The more robust the compliance framework within any organization, the more it will benefit from collaboration. Cross-team compliance is only made stronger, more flexible, and more durable, via the use of improved cross-team collaboration. Business processes can be laborious, costly, and time-heavy, and the more regulated an industry the more difficult it becomes to manage those processes effectively.
That’s why cross-team collaboration can only be of benefit to cross-team compliance. Trying to align your teams so that compliance is made easier to manage and update requires a shift in thinking and a new approach to how you design your business processes and your teams.
The Benefits of Cross Functionality
When brands are structured with a more siloed approach to their processes and their regulatory compliance needs, they lose agility. Staying compliant is more important than ever, and in those industries where compliance is more regulated, cross-team compliance is vital to build into the foundation of your teams and your business processes. The benefits of this new way of thinking include:
- Resolution of departmental conflict issues: A siloed approach can too easily lead to an ‘us vs. them’ mentality, and differing workloads can lead to delays. Cross-functional teams are far better able to prioritize goals because their focus is on the project rather than the department.

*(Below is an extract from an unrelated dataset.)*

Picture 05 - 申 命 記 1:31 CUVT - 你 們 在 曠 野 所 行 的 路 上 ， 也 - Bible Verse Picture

- Improved Communications: Business meetings slow down workflows, often unnecessarily. With the inevitable paperwork required to make business meetings more valuable, there is an increase in potential mistakes and miscommunications. That means your compliance needs can develop blind-spots all too easily. By improving collaboration via the right communication tools, workloads can be addressed quickly, in alignment, collaboratively, and with a reduction in missed data sets.
- Consistent Focus: If your various team members all come from different departments then there’s a good chance that they will be working on other tasks. This can lead to more delays if one person is finishing a compliance project just as another is starting. By building teams with a focus on collaboration in a cross-team compliance setting, those team members will be more focused on making sure that everything is up to date, and that future regulations are also being addressed.
By improving the visibility of your cross-company business rules and processes, employees are more easily kept up to date with changes. The more consistently up to date an organization is, the easier it becomes to integrate cross-team collaboration into the foundation of your departmental design.
Change management becomes significantly easier, as does cross-team monitoring, giving teams the confidence they need to work at a more productive rate.
Designing Cross-Functional Teams
While the optimal number of team members will be dependent on the size of the organization, some clear roles will need to be filled in a team that works across departments. These include:
- The leader: This is the person who is in ownership of the work, and who ensures that team output is consistent and of value.
- Sub-team: This should be a self-organizing team that works on delivery of purpose. That means the team needs to consist of compliance professionals from a range of disciplines, including customer service, marketing, and sales. That team needs to be horizontal in its hierarchy, with the team as a whole responsible for the processes and for team management.
For businesses in sectors with higher regulatory requirements, cross-team functionality and compliance is often a fundamental role of business management. However, with the right mindset and a commitment to cross-team collaboration, it becomes much simpler to build cross-team compliance into the very structure of your business model.
Understand the benefits of cross-team compliance and your siloed teams will become a high-functioning resource that will protect your company from industry and regulatory changes.